My first-ever byline in The Wall Street Journal, and my first big scoop as a reporter.
http://www.wsj.com/articles/SB991071314314176662
Rivals of China’s Postal Service Claim Unfair Competitive Practices
By ANDREW BATSON and CHARLES HUTZLER
Updated May 29, 2001 12:01 a.m. ET
BEIJING — China’s postal service is trying to force domestic and foreign competitors out of lucrative express-delivery services, in an apparent attempt to bolster its position ahead of the more open market that China’s entry to the World Trade Organization promises to bring.
China Post, through its local branches, has prodded police and licensing authorities to investigate 200 express-delivery companies, said a spokesman for the State Postal Bureau, the government body that runs the country’s postal service. Among those investigated so far are foreign companies who dominate international express services: FedEx Corp., United Parcel Service Inc. and DHL Worldwide Express Ltd., a unit of Deutsche Post AG.

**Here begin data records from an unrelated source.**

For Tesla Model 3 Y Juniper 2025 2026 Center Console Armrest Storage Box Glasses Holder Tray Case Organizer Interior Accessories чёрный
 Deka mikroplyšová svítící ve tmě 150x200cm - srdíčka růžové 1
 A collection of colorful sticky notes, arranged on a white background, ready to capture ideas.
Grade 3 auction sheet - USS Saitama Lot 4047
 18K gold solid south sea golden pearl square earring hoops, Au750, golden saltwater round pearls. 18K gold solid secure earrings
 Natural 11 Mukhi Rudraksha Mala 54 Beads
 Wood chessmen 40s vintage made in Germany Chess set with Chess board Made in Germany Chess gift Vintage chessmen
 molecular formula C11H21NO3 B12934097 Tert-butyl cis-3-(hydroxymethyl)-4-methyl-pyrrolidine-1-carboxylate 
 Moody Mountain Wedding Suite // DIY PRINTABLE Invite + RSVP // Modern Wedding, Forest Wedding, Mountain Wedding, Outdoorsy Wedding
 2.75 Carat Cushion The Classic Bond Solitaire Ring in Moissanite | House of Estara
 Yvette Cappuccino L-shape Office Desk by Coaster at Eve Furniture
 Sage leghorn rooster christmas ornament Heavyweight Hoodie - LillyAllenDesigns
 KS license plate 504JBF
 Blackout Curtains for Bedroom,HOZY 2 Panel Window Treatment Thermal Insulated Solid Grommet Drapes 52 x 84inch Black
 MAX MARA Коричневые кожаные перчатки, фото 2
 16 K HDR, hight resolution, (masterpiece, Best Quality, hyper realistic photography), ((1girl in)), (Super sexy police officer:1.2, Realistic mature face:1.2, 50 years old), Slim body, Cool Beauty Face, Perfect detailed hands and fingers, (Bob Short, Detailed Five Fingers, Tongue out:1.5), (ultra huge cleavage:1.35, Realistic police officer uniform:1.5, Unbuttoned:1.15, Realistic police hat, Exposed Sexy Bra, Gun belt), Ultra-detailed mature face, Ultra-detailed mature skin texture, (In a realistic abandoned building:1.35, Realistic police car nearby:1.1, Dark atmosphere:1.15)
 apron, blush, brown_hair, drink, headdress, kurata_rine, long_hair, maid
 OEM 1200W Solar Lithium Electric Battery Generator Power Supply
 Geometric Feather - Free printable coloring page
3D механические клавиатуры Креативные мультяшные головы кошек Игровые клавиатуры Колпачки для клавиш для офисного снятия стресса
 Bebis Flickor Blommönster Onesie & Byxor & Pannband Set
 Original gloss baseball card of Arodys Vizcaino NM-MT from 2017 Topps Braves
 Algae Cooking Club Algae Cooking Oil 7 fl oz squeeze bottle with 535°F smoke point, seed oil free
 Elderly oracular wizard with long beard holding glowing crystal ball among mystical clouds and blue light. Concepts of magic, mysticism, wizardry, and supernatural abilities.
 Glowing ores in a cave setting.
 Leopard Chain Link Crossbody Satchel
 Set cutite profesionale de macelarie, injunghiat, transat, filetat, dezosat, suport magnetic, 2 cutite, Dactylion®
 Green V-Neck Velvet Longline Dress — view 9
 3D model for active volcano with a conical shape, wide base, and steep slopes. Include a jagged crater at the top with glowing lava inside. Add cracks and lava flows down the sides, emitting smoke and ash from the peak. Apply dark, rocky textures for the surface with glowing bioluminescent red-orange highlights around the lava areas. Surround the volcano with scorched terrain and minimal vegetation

The investigations are already having an impact on business. According to company executives, Chinese officials are reviewing the license of FedEx’s local partner in the southern boomtown of Dongguan; they confiscated but later returned two envelope shipments from the Shandong office of UPS’s local agent, Sinotrans; and they have investigated the offices of DHL-Sinotrans in the western cities of Chengdu and Xian. “It’s disrupted our normal business operations,” DHL-Sinotrans Managing Director Charles Chia said in a written statement to questions submitted by Dow Jones Newswires.
At stake is China Post’s share of the market for fast delivery of business letters and cargo, which has grown rapidly in step with a dynamic economy and its integration with the global market. Although none of the major foreign players is willing to provide an estimate of the market’s value, UPS, which inaugurated its first direct flights between the U.S. and China last month, has said its six weekly services should generate $300 million in revenue next year. China Post expects its own domestic and international express-delivery service, EMS, to bring in income worth $600 million this year.
While China Post has publicly welcomed the competition, foreign executives say privately the postal service is using its domestic clout to strengthen its position ahead of China’s expected entry to the WTO. After its accession to the global trade body, China is expected to do away with a rule that currently restricts foreign companies to 50% ownership in joint ventures with local firms.
China Post “looks like it’s trying to protect EMS,” said an executive at one foreign express-delivery company. Its actions also come as the government continues to pursue a drive to break up monopolies in industries from telecommunications to power generation, hoping to foster greater competition and better services for consumers.
In this case, the maneuvering has centered on competing interpretations of the law. Under the 15-year-old postal law, the postal service is granted monopoly rights to deliver letters and packages, except when China’s cabinet, the State Council, provides otherwise. China Post, which is run by the Ministry of Information Industries, is arguing that the first half of that clause should be observed. The foreign companies say their legal rights lie in business licenses issued beginning in the mid-1980s by the country’s Ministry of Foreign Trade and Economic Cooperation.